What is needed: Below is some data. Retype exactly the lines starting at the one with "Universal Travel Socket Converter - Image 7" and ending at the one with "Biohazard Red iPhone 13 Pro Max Clear Case".

──────── Data excerpts

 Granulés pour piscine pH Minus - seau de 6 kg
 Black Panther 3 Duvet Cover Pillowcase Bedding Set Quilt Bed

────────────────
──────── Data excerpts

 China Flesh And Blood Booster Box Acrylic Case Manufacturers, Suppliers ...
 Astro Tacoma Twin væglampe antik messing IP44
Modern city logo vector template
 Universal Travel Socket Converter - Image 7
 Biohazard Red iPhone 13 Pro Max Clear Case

────────────────

Finished task:
 Universal Travel Socket Converter - Image 7
 Biohazard Red iPhone 13 Pro Max Clear Case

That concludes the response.